Reclaiming Home
Reclaiming Home - by Sehba Sarwar
Mixed Media installation for Coming through the Gap in The Mountain Exhibition at the University Museum.
"You're still having visa problems even though you're using a US passport?" This was the response I got from my South Asian friends and relatives this past June. At the time, I was being thwarted in my attempts to apply for visas to travel to Bangladesh and India for a new project, Borderlines, that I'm starting up with Voices Breaking Boundaries, an arts organization that I founded 14 years ago. The project aims to explore issues between India-Pakistan-Bangladesh and the US-Mexico borders.

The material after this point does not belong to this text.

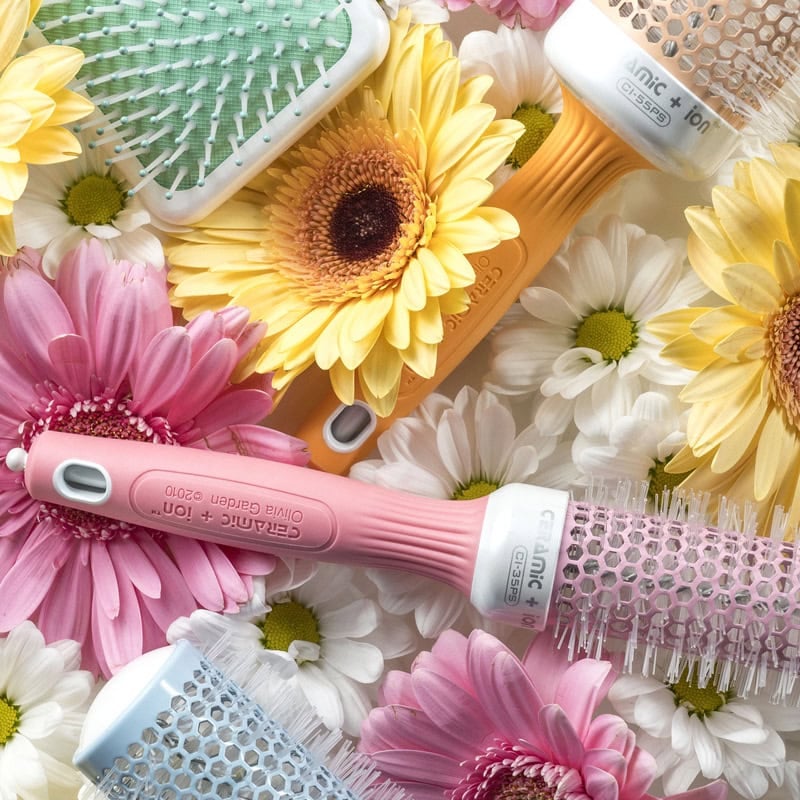 Olivia Garden Ceramic & Ion Thermal Pastels Brush Collection - Image 8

Before I applied for the visas, I didn’t know I would encounter problems simply because I was born in Pakistan – especially if I was using a US passport and not a Pakistani one. Luckily, thanks to a Bangladeshi friend with connections, I was able to procure a Bangladeshi visa (but not an Indian one - for reasons too complicated to explain, even though my parents were both born in India).
On
the flight from Pakistan to Bangladesh, I sat next to a Bangladeshi
woman who was engaged to a Pakistani. Her first question to me was: "How
were you able to get a visa?" And then she added:
"My fiancé wasn't able to get a visa to visit me, so I had to come to
Karachi."
While
in Dhaka, every time I mentioned how much trouble I had with my visa, I
heard similar stories from other people trying to get visas to
different countries. Some
said they didn't want to visit Pakistan because if they had Pakistani
stamps on their Bangladeshi passports, they would be denied entry to
western countries.
This is a familiar conversation for me. In
Pakistan we talk about travel issues all the time, but I also know that
“visa” conversation usually doesn’t go far in the US, where most
citizens
acquire visas upon landing at their desired destinations or fill out
simple forms to get their passports stamped.
The installation I created, Reclaiming Homes, is as much about peace as it is about anger – it's my way of carving space for myself as I come to terms with the border-ed world in which we live, where certain people can move freely, while others encounter obstruction.
I love how this artist uses artwork to create and communicate her life experience on a global scale.